[Image-caption web data]
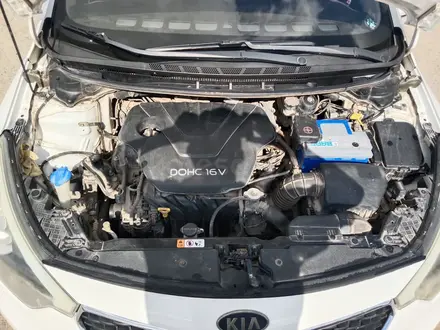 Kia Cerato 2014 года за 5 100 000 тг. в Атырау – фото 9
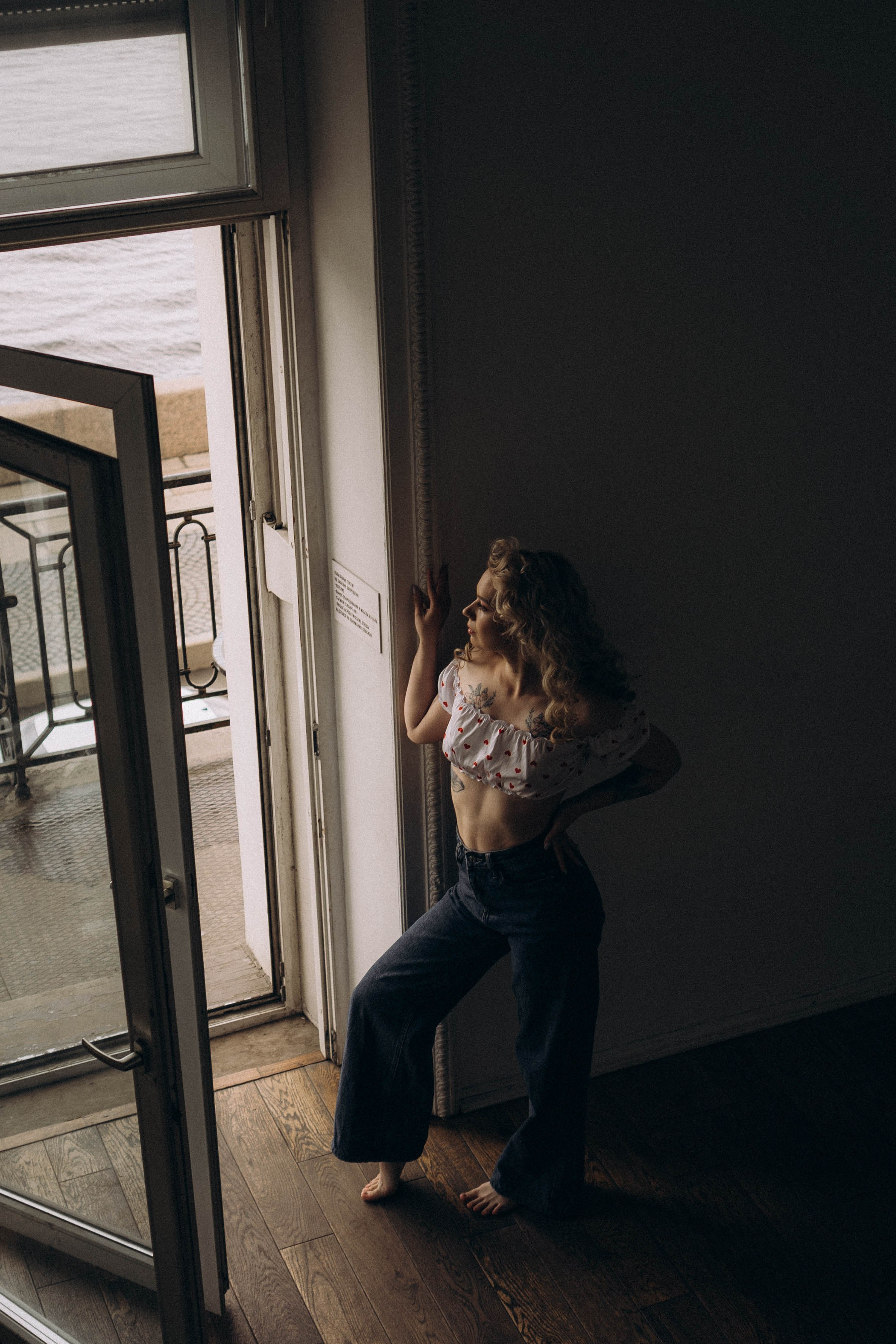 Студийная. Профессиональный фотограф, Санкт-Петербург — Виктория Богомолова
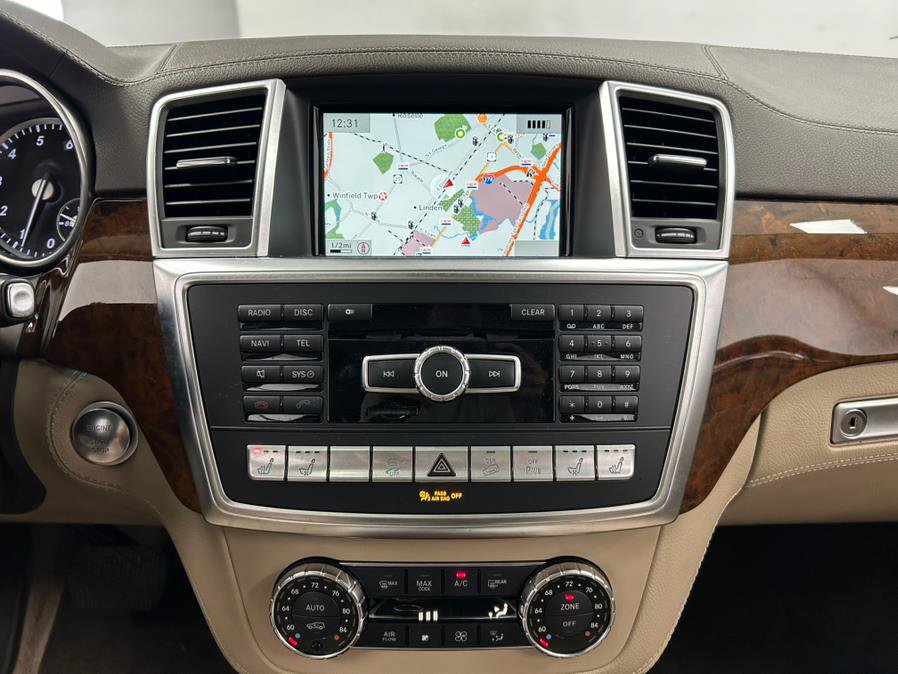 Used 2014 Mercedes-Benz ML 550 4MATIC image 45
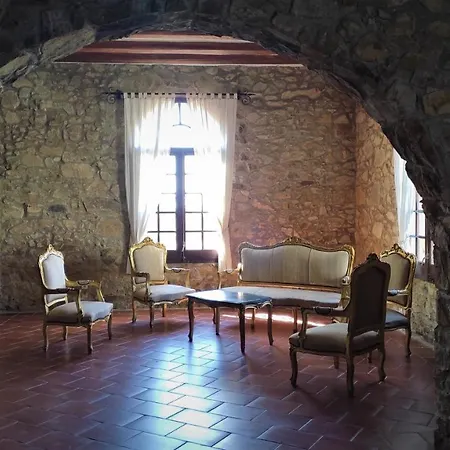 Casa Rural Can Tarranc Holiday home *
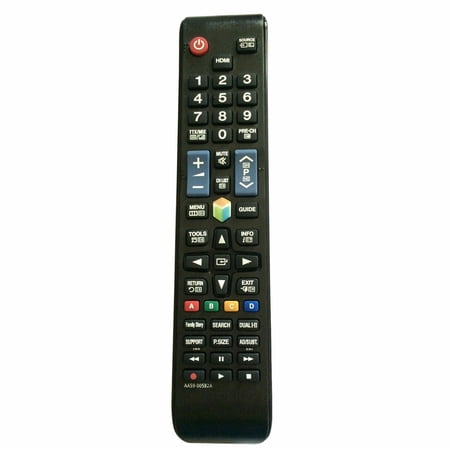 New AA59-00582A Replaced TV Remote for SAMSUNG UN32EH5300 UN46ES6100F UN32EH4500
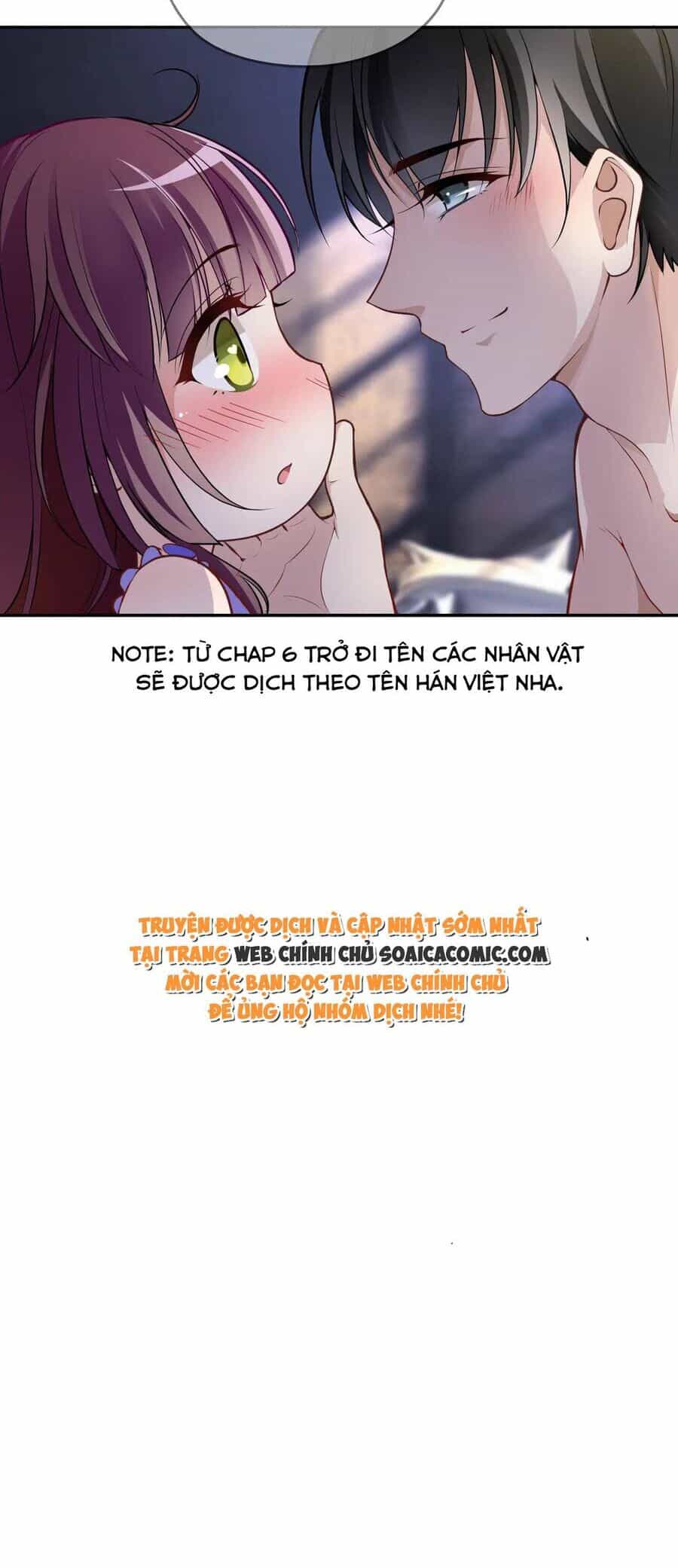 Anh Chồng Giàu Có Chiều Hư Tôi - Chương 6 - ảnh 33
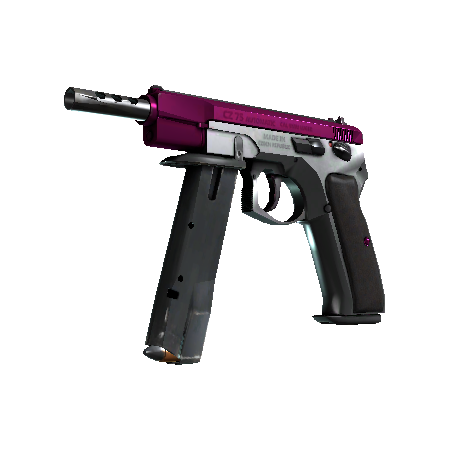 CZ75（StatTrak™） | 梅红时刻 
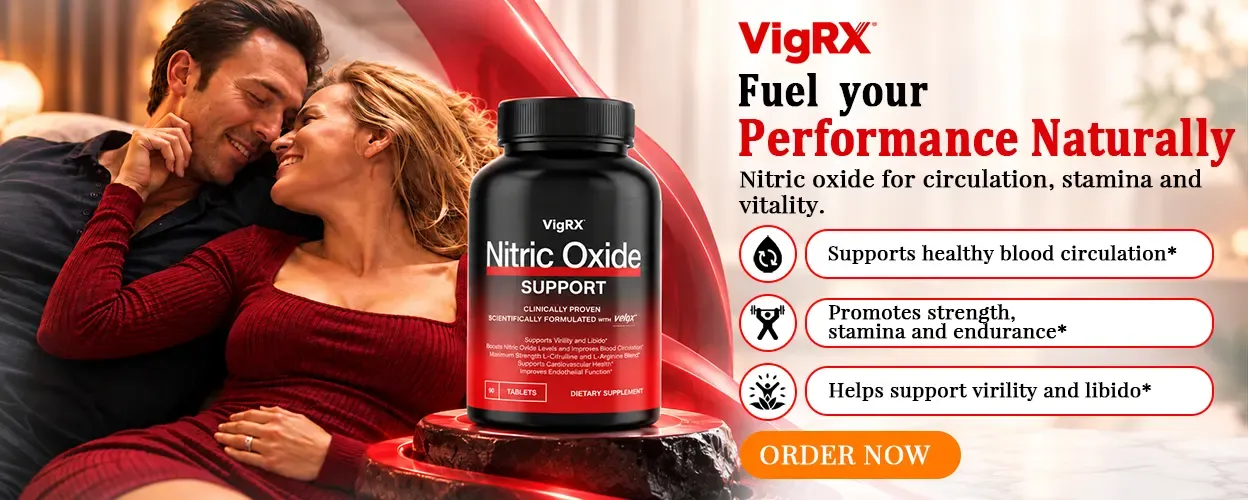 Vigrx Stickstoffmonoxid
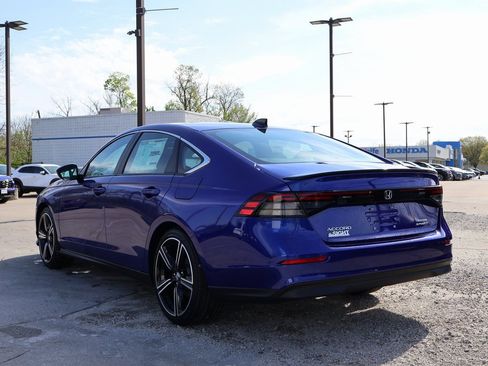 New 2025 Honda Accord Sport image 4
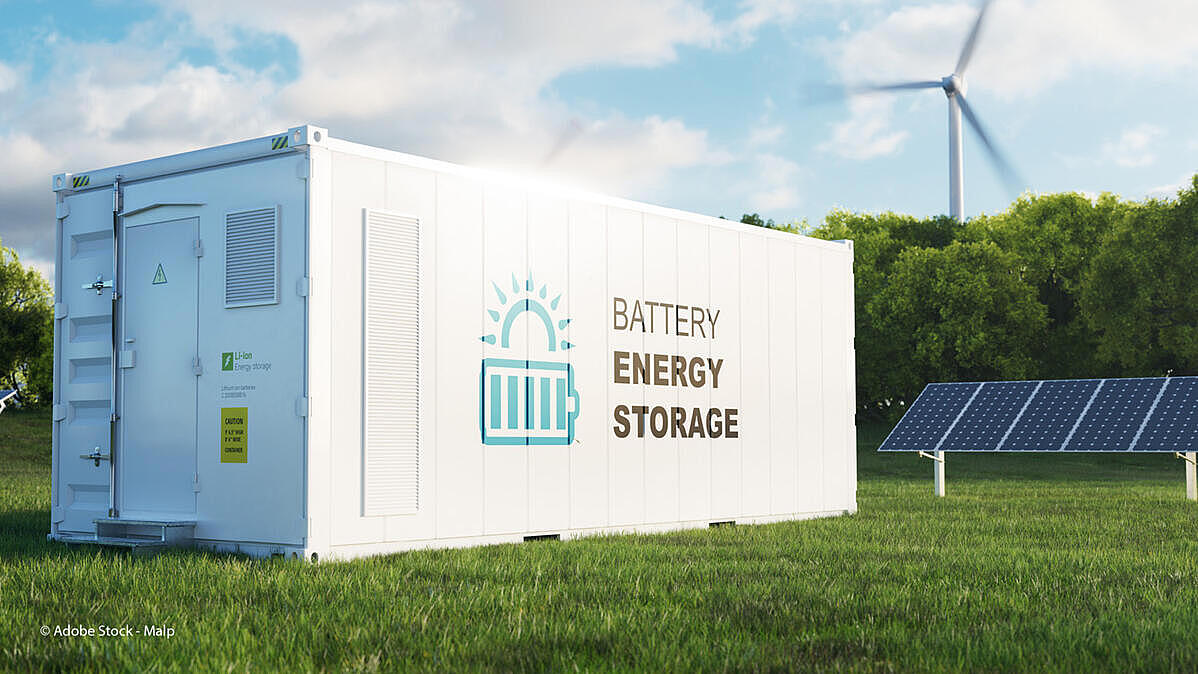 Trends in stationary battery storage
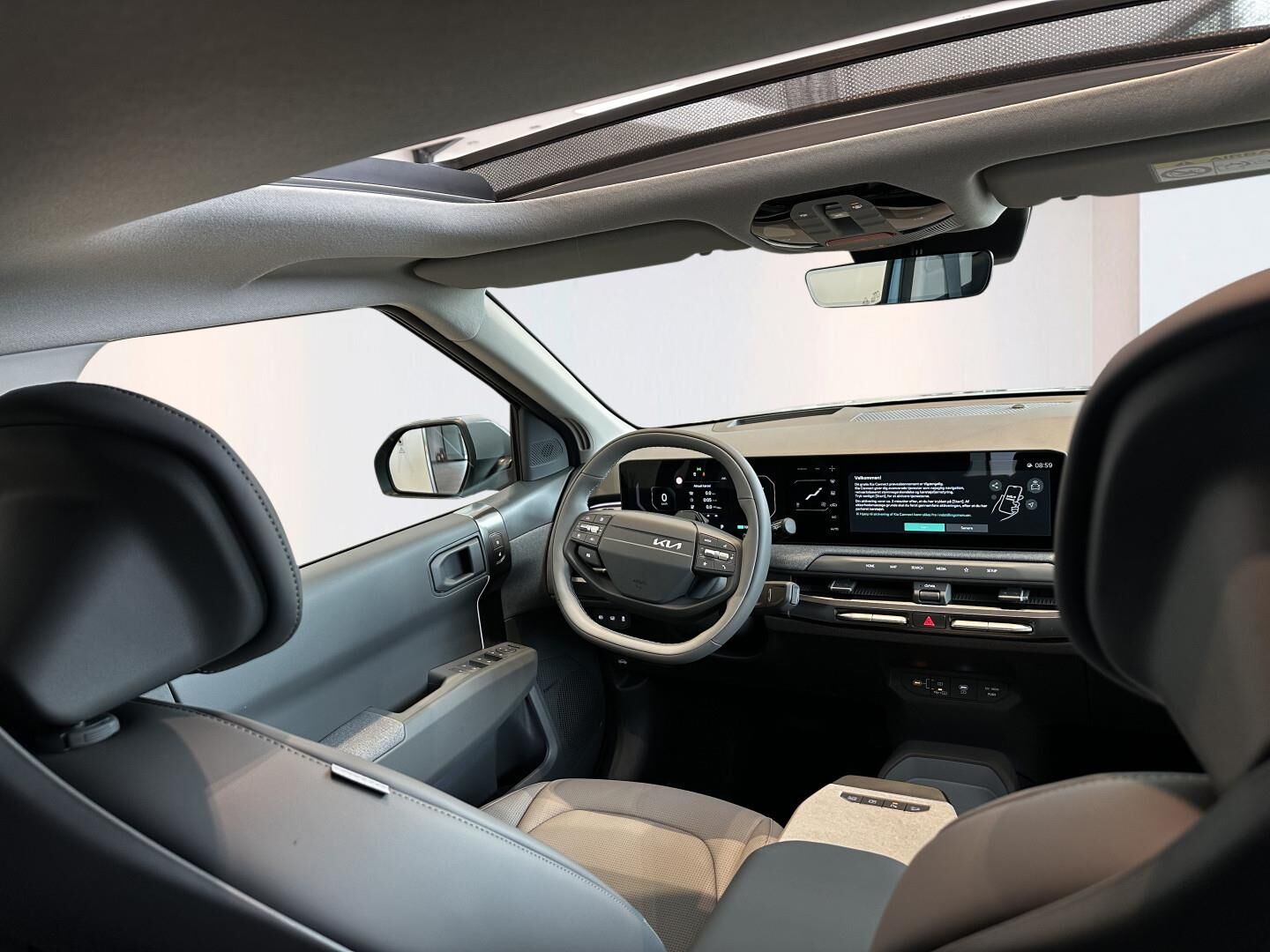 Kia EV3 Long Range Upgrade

Exercise objective :: Print exactly, and print only, the lines from the line with "Anh Chồng Giàu" through the last line of the entries, both ends included. No pictures belong in the result.

Written reply ::
 Anh Chồng Giàu Có Chiều Hư Tôi - Chương 6 - ảnh 33
 CZ75（StatTrak™） | 梅红时刻 
 Vigrx Stickstoffmonoxid
 New 2025 Honda Accord Sport image 4
 Trends in stationary battery storage
 Kia EV3 Long Range Upgrade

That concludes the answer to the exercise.